Once while batting with M.S. Dhoni in a losing One-Day International match, S. Sreesanth, who was at the non-striker’s end, got hit on the helmet by a ferocious straight drive from his captain.
In the post-match press conference, Dhoni, frustrated as he was on having to constantly deal with the shenanigans of his temperamental bowler, half jokingly said that his pacer needed such treatment.
On another occasion Dhoni said that Sreesanth should not breach certain limits and should at best irk opponents rather than his own team members.
Those comments from his captain at a time when he was very much part of the Indian squad sum up the career of a boy who had a dream run at the highest level of the game but never really matured to keep it going.
That he failed to develop into a cricketer to be watched for the right reasons despite sharing dressing room space with legendary players such as Sachin Tendulkar and Rahul Dravid, known for their impeccable behaviour on and off the field, somewhat explains the mess he finds himself in now. Incidentally, he even irked the usually composed Tendulkar into warning him once while bowling at him during a Challenger Trophy.
Despite having a mean out-swinger and a wonderful seam position at the time of delivery that could be the envy of any fast bowler, Sreesanth seemed to be under the impression from the very beginning that being an aggressive bowler meant intimidating the batsmen with verbal volleys and physical postures.
He must have watched the likes of Curtly Ambrose and Glenn McGrath who, more often than not, let the ball do all the talking. McGrath, who did his share of sledging during his days, once commented that Sreesanth’s aggression on the field appeared forced.
Cricket lovers across the country felt ashamed with his reaction on dismissing the burly Australian opening batsman Matthew Hayden in an ODI match. His facial expressions and gestures towards a pavilion-bound Hayden and that too after being hit by the opener to all parts of the ground was ugly, to say the least.

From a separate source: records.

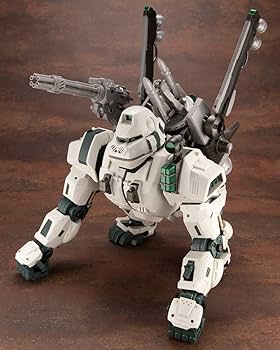 Amazon | ZOIDS EZ-015 アイアンコングイエティ 全長約285mm 1/72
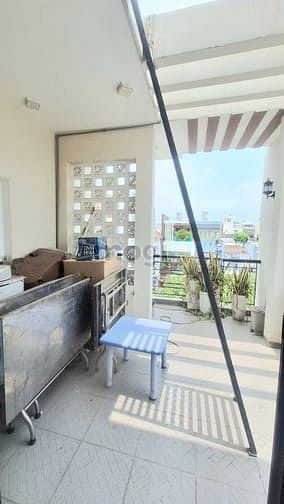 Hình ảnh Bán Nhà 1 Trệt 2 Lầu Đường 3 Phước Bình Quận 9
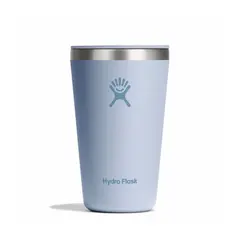 HYDRO FLASK - Vaso All Arround 473Ml Celeste Hydroflask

Then his aggression met with a similar brand of aggression on the field when he managed to get slapped by his fellow India teammate Harbhajan Singh during an IPL match in front of the crowd in 2009.
To make matters worse, Sreesanth raked up the forgotten ‘slap-gate’ incident through his recent tweet as if in clarification of a few media reports during this edition of the IPL.
His aggression took another manifestation during the last South African tour when he ran around swinging his bat overhead after hitting fast bowler Andre Nel for a straight six.
The tag of a boy who never really grew up almost perfectly captures Sreesanth and an opportunity to amend it seems distant now.